Plató de la revista Variety en el Festival de Cine de Sundance, enero de 2023. Ottessa Moshfegh (derecha) con Anne Hathaway, actriz protagonista de Eileen, adaptación al cine de la novela Mi nombre era Eileen. Crédito: Getty Images.
Tras leer McGlue es difícil no preguntarse cómo alguien que escribe como Moshfegh, con carne, vísceras, sentimientos inmorales y violencia, sobrevivió a la universidad de su país, hirviendo de cultura woke y crispación ante cualquier trigger. Los libros de Ottessa te arrinconan en un callejón y te dan una paliza. ¿Cómo opera esto en un lugar en el que, en cuanto aparecen en ficción la violencia, lo inmoral, lo pútrido, empiezan a sonar todas las alarmas? «Nunca me adapté a eso», reconoce Ottessa. Las conversaciones que se daban en los workshops de escritura me parecían aburridísimas. Aunque me gustaba la disciplina de tener que compartir un texto a la semana con los otros. Echo de menos la ansiedad y los nervios de esa época. También es cierto que fui a Brown, a un programa de escritura experimental, y allí a nadie le importaban demasiado estas cosas. Este tipo de censura de la literatura que se suele dar me parece una estupidez».
También carga contra el adocenamiento lector en torno a la búsqueda de identificación. «Cuando el lector se enfada con el libro o lo desdeña porque no se siente identificado con el personaje, probablemente lo que esté sucediendo es lo contrario: que se está identificando y no le gusta lo que ve». Moshfegh, por su parte, ama las historias en las que los personajes la superan en algún sentido. «Me gusta que los personajes sean más guapos que yo, más valientes que yo, más débiles o ruines que yo. No quiero leer sobre gente que se parezca a mí. Me gusta el suspense, leer sobre otros mundos. Creo que busco, sobre todo, leer libros que no me traten como si fuera estúpida». Quién iba a creer eso, Ottessa.

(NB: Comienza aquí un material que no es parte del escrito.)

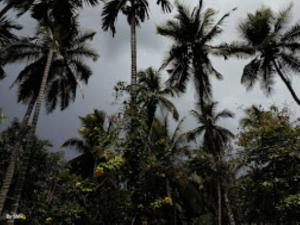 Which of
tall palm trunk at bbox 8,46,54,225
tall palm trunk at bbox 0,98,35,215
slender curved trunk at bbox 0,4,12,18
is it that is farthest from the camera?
tall palm trunk at bbox 0,98,35,215

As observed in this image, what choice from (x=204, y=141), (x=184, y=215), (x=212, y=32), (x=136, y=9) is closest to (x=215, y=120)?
(x=204, y=141)

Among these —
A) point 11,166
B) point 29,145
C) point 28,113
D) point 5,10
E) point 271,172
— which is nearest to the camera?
point 5,10

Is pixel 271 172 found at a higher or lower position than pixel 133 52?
lower

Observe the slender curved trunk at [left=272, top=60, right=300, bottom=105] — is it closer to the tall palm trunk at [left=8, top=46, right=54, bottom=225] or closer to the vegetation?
the vegetation

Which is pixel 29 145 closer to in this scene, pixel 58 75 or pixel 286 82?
pixel 58 75

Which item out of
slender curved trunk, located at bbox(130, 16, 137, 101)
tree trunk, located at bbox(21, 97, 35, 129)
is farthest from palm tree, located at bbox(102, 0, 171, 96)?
tree trunk, located at bbox(21, 97, 35, 129)

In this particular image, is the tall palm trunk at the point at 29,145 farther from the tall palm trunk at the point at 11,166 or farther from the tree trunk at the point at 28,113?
the tree trunk at the point at 28,113

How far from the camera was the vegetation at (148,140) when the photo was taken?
7.99m

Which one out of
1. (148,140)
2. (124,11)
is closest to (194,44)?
(124,11)

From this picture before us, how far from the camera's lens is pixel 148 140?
29.8 ft

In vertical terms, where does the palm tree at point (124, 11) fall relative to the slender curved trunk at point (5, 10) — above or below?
above

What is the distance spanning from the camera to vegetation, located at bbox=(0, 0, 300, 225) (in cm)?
799

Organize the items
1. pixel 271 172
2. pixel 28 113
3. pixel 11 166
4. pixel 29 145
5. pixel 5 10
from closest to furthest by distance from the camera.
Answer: pixel 5 10 < pixel 271 172 < pixel 29 145 < pixel 11 166 < pixel 28 113

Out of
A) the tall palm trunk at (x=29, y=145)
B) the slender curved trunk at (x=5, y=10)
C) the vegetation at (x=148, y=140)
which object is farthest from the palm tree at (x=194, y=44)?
the slender curved trunk at (x=5, y=10) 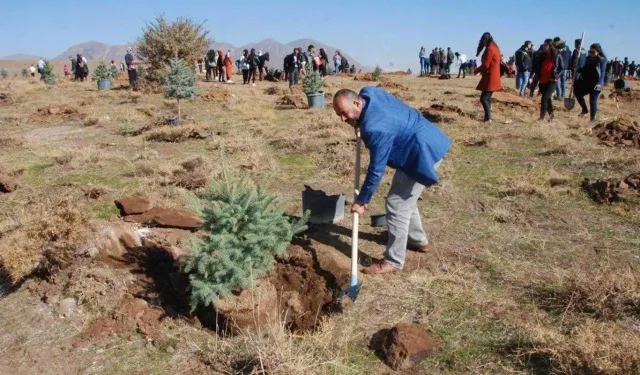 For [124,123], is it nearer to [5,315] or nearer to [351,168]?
[351,168]

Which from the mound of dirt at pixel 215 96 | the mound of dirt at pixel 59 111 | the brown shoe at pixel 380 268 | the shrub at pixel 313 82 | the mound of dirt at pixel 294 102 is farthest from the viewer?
the mound of dirt at pixel 215 96

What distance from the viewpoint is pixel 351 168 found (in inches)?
271

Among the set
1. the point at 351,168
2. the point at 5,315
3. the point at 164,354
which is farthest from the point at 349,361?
the point at 351,168

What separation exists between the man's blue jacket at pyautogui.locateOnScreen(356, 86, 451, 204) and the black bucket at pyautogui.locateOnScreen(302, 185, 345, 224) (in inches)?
50.2

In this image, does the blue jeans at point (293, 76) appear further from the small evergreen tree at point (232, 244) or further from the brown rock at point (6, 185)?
the small evergreen tree at point (232, 244)

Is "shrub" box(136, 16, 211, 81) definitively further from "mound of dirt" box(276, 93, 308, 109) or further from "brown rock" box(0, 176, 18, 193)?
"brown rock" box(0, 176, 18, 193)

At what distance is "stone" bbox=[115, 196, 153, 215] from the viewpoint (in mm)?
5094

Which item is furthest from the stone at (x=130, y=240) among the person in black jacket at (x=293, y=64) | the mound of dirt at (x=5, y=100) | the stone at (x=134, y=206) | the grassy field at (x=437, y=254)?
the mound of dirt at (x=5, y=100)

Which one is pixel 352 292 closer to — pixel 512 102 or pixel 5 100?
pixel 512 102

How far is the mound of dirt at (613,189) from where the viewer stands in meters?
5.42

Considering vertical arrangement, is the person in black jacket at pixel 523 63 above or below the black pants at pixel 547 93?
above

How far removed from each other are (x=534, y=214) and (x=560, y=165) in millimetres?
2106

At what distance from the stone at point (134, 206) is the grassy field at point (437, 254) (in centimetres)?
29

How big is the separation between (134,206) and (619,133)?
8023 millimetres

«Cuando el lector se enfada con el libro o lo desdeña porque no se siente identificado con el personaje, probablemente lo que esté sucediendo es lo contrario: que se está identificando y no le gusta lo que ve».

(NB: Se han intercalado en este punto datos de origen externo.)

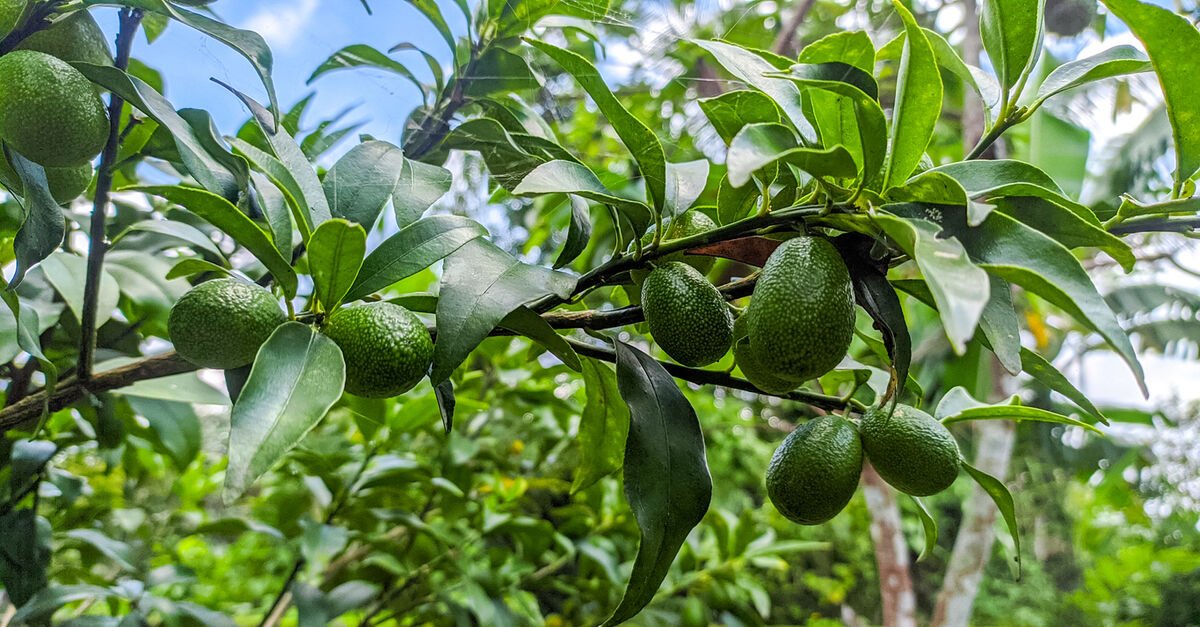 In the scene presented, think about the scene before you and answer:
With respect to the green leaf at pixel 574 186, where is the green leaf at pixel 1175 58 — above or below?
above

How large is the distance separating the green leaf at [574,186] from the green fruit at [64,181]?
0.24 m

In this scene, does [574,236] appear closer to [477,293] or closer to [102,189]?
[477,293]

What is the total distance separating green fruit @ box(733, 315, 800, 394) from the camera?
1.20 feet

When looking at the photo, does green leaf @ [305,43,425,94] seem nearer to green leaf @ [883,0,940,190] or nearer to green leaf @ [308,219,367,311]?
green leaf @ [308,219,367,311]

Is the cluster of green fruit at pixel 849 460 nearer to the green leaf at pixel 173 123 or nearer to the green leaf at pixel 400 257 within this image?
the green leaf at pixel 400 257

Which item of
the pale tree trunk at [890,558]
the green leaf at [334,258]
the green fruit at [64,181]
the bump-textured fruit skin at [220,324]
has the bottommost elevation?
the pale tree trunk at [890,558]

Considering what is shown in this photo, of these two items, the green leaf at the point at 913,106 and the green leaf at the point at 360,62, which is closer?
the green leaf at the point at 913,106

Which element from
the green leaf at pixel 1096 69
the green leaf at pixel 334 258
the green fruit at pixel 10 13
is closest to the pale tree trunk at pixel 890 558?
the green leaf at pixel 1096 69

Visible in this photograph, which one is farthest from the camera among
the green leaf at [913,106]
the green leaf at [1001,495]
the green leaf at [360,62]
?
the green leaf at [360,62]

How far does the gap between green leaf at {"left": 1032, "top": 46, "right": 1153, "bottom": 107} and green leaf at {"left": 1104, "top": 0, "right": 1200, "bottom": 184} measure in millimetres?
12

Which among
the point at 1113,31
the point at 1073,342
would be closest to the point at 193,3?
the point at 1113,31

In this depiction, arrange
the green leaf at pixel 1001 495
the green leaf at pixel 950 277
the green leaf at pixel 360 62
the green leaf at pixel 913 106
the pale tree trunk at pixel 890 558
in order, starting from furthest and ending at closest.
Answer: the pale tree trunk at pixel 890 558 → the green leaf at pixel 360 62 → the green leaf at pixel 1001 495 → the green leaf at pixel 913 106 → the green leaf at pixel 950 277

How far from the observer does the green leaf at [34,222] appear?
344mm

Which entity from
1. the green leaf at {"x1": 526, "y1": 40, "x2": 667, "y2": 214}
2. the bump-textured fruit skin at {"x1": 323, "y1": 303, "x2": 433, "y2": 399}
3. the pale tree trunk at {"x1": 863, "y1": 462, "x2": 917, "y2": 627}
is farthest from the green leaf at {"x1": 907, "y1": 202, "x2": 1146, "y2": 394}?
the pale tree trunk at {"x1": 863, "y1": 462, "x2": 917, "y2": 627} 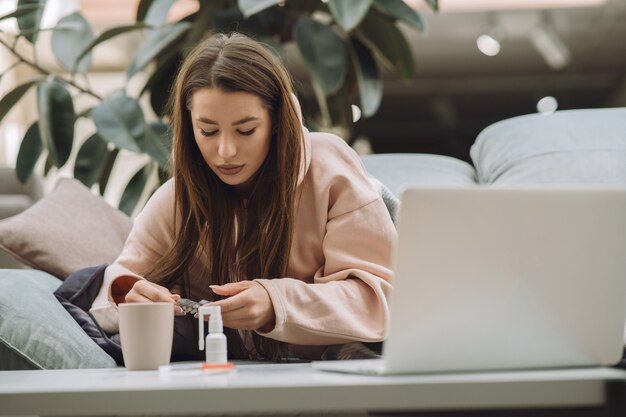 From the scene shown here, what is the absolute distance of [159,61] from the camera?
2797 mm

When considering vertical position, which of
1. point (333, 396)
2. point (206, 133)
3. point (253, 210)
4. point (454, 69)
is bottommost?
point (333, 396)

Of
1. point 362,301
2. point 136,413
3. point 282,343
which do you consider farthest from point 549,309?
point 282,343

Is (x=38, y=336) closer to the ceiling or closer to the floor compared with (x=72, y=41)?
closer to the floor

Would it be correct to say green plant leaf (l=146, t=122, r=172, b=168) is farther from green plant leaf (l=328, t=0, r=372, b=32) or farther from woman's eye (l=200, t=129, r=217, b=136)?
woman's eye (l=200, t=129, r=217, b=136)

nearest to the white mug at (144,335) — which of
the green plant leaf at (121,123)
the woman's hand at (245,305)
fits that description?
the woman's hand at (245,305)

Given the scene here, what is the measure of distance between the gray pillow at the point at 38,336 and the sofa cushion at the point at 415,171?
772mm

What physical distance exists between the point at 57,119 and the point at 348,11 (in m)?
0.90

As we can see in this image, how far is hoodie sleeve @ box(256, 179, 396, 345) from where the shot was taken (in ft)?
3.84

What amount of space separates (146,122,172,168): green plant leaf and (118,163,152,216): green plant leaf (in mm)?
146

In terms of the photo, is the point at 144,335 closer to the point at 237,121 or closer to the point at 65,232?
the point at 237,121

Oigo los pasos de la siguiente periodista en el pasillo. Araño los últimos minutos. Tengo que preguntarle si le parece que es una osadía decir que McGlue es una novela gay. Como ya me voy, no me importa tanto meter la pata. Moshfegh asiente, sonríe. «McGlue es una novela que exuda homoerotismo. El personaje está en negación total, borracho, reprimiendo emociones y recuerdos. No puede expresarse a sí mismo la idea audaz, honesta, de lo que siente hacia Johnson. Es la evitación de todo eso lo que nos ofrece esa tensión homoerótica. Porque McGlue es, entre otras muchas cosas, una historia de amor».
Al salir, voy casi reptando de pura timidez. Me tropiezo en la moqueta, no llego a caer, me recompongo como puedo. Rezo por que este traspiés parezca lo que es en realidad: una reverencia.